Au collège, nos professeurs de Science de la Vie et de la Terre nous ont, pour la majorité, initiés à la biologie en ouvrant et découpant des souris, des grenouilles ou, pire, des poussins.

 

Or, cette pratique vient d'être définitivement abolie pour le plus grand plaisir des parents mais également des enfants, qui, pour certains, n'avaient pas d'autres choix que de jouer à Docteur Maboul avec les cobayes, sous peine d'un avertissement voire d'un zéro pointé...

 

Interdite depuis 2010

 

Jusqu'à aujourd'hui, certains collégiens étaient encore contraints de disséquer souris, grenouilles et/ou poissons en classe dans le but d'étudier, par exemple, le fonctionnement du système respiratoire.

 

Or, il se trouve que la dissection d'animaux à l'école est interdite depuis 2010, par une directive européenne.

Aussi, certainement suite à des plaintes d'associations mais également de parents inquiets que cette pratique soit encore utilisée dans la classe de leur enfant, le ministère de l'Éducation nationale a tenu à mettre les points sur les «i » et a confirmé l'interdiction d'une telle pratique, dans une lettre envoyée aux recteurs d'académie et reprise par Antidote Europe, une association de chercheurs issus du CNRS.

 

Une initiative saluée

 

AAvant ce rappel à l'ordre du ministère de l'Éducation nationale, il y a eu un long chemin de parcouru pour les

« anti-dissection ». C'est le cas, rappelez-vous, d'une élève de 5ème de 12 ans qui avait lancé une pétition et récolté plus de 17.000 signatures.
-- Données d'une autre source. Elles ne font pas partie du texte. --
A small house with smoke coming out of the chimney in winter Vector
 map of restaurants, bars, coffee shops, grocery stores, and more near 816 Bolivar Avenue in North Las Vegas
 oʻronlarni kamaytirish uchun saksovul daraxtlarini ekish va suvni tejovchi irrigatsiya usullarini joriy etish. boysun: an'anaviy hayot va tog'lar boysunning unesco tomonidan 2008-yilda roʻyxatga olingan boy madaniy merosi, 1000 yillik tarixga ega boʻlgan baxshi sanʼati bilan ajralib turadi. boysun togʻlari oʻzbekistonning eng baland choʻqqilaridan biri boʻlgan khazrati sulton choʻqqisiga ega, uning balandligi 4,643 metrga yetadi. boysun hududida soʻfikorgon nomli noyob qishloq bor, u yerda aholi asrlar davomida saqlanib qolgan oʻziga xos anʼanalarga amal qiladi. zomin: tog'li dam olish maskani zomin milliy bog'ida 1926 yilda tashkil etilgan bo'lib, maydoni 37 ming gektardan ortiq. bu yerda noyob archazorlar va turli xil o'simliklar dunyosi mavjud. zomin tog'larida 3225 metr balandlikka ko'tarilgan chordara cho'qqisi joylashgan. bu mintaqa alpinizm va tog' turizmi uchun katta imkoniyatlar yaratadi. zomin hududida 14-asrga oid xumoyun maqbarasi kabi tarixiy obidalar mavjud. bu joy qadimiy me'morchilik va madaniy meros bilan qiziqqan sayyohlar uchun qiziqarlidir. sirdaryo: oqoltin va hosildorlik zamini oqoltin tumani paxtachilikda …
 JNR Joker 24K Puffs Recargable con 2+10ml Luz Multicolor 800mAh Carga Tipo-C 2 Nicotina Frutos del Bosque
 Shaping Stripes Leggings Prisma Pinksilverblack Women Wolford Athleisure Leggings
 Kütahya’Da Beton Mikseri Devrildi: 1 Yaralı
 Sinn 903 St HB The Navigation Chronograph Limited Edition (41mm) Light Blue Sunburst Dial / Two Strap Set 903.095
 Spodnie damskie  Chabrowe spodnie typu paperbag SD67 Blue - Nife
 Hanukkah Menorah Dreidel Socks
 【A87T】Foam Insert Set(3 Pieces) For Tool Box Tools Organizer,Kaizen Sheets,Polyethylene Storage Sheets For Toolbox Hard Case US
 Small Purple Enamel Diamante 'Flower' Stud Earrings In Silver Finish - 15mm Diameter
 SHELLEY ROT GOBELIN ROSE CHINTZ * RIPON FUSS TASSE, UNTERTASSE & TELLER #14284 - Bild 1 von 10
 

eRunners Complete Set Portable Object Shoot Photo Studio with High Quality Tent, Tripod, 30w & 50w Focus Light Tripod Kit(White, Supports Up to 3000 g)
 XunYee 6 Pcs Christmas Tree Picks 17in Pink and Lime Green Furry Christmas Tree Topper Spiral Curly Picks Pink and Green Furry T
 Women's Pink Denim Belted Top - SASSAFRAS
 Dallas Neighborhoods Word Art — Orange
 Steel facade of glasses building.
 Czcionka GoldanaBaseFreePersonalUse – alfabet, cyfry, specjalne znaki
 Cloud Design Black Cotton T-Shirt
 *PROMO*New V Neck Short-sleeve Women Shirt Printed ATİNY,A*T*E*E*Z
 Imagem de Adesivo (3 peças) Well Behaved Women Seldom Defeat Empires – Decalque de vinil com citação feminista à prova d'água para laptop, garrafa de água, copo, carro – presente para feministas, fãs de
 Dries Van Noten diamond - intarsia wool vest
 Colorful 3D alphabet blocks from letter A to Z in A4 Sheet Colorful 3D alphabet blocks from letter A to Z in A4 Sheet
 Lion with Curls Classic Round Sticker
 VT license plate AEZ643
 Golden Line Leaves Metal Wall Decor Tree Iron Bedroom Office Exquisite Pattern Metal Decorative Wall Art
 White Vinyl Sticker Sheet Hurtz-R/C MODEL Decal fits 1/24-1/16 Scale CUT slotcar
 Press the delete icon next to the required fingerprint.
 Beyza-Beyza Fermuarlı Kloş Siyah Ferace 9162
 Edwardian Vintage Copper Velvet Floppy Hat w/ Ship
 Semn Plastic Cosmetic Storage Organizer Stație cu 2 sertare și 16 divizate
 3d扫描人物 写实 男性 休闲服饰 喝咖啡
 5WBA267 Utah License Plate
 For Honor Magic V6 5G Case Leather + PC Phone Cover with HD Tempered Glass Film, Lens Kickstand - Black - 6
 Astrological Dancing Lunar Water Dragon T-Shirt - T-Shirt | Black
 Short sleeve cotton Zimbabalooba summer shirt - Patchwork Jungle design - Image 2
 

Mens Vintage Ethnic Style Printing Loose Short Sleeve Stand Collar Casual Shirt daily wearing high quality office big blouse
La collégienne réclamait à Vincent Peillon, ministre de l'Éducation à l'époque, d'interdire cette pratique « la dissection dans les collèges finance la mort d'animaux et encourage la maltraitance envers les animaux. Avons-nous besoin de massacrer des cadavres d'animaux pour apprendre ? Non, c'est pourquoi je trouve cela injuste « d'apprendre » avec des animaux morts. »

Son appel semble enfin avoir était entendu...

 

Des méthodes alternatives

 

À travers sa lettre ouverte, le ministère de l'Éducation rappelle que les travaux pratiques de SVT  « peuvent être réalisés sur des invertébrés (...) à l'exception des Céphalopodes (mollusques). Ils peuvent également être réalisés sur des vertébrés ou sur des produits issus de vertébrés faisant l'objet d'une commercialisation destinée à l'alimentation. La dissection des souris est donc désormais totalement exclue dans toutes les classes jusqu'au baccalauréat ».

Et, au tour de l'association Antidote Europe de mettre l'accent sur les nouvelles technologies et donc les méthodes alternatives existantes comme les mannequins interactifs, des films d'apprentissage ou encore des programmes informatiques interactifs dans lesquels les élèves peuvent disséquer des animaux virtuels.